The nine-dot exercise is possible, but may also frustrate. According to Bannerman, frustration can be a good thing.
“Frustration forces you to approach a problem from a different angle,” he said. “This exercise usually prompts a few groans, but it’s the basis for the phrase ‘thinking outside of the box’. Beyond that cliché, this problem actually gets to the heart of creative thinking, which is observation; it’s looking at the same thing as everyone else and seeing something different.”
Bannerman gave the example of WH Smith, which expanded its businesses dramatically by spotting a gap in the market to sell books to rail commuters in 1848.
Referring to question two, Bannerman said it was common for people to go for the obvious answer. The point is that there can often be multiple correct answers to a problem.
“The secret in business is to go for the second or third right answer to keep your competition guessing and not just go for the obvious,” he said.
Question three reveals how many people screen out information they think is irrelevant.
Sometimes the answer can be right in front of you. Question four illustrates a scotoma or mental blind spot.
Bannerman said: “There’s a difference in being childish and being childlike. Many children get the Ohio question right because it’s playful. If you look at some of the most innovative companies like Virgin or Easyjet, they’re run by big kids who have never grown up.”
Where do people have their best ideas?
Executives were asked to shout out where they came up with their best ideas. Many said in the car or in the shower. No one said while they were at work.
Bannerman said: “People tend to leave their creativity at home when they’re at work. They’re too busy getting on with the day-to-day.

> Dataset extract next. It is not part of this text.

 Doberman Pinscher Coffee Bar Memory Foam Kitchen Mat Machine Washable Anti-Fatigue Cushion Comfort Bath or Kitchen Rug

It creates a mismatch with companies that need innovation to survive.”
He described the neuroscience behind thinking, which shows how different brainwaves affect creativity.
Companies wanting their staff to think creatively need to let them relax so they can concentrate on coming up with ideas without the pressure of their day-to-day responsibilities.
One dealer at the meeting said most businesses would not have this luxury, but Bannerman said it wasn’t necessary to start at 15 or 20% of a working week, but with small periods of an hour or two if possible each month.
James Bannerman Q&A
Will more of the automotive retail process become digital and will manufacturers sell direct to customers in the future? 50% of Audi City sales are without a test drive and the purchase price is £800 higher on average.
JB: “I think there’s the risk of disintermediation (cutting out the middle man) in the buying process, but people love spending time with the cars and I don’t think that will change.
“You could introduce more digital and augmented reality elements to your showroom. Test it first in one location and view the results. You might not need to do it now, but it’s something you should think about or plan for.
“EMI laughed off that digital music sales would take it down, and look at Nokia, which went from a global juggernaut to being taken out of the market by Microsoft with its acquisition. Companies like Shell saw potential for conflict in Gulf and went from being the sixth largest oil company to the second because they planned.”
What is your opinion of the car buying process?
JB: “I recently bought a Volvo and it was a decision purely based on recommendation from a friend. There actually wasn’t a huge amount of thought in the process beyond the recommendation, the car being what we needed and it being a no-hassle process.
“I recently got my car serviced and in that situation I was persuaded to replace my tyres after seeing a demonstration video of what wear on the tread can do to stopping distances.”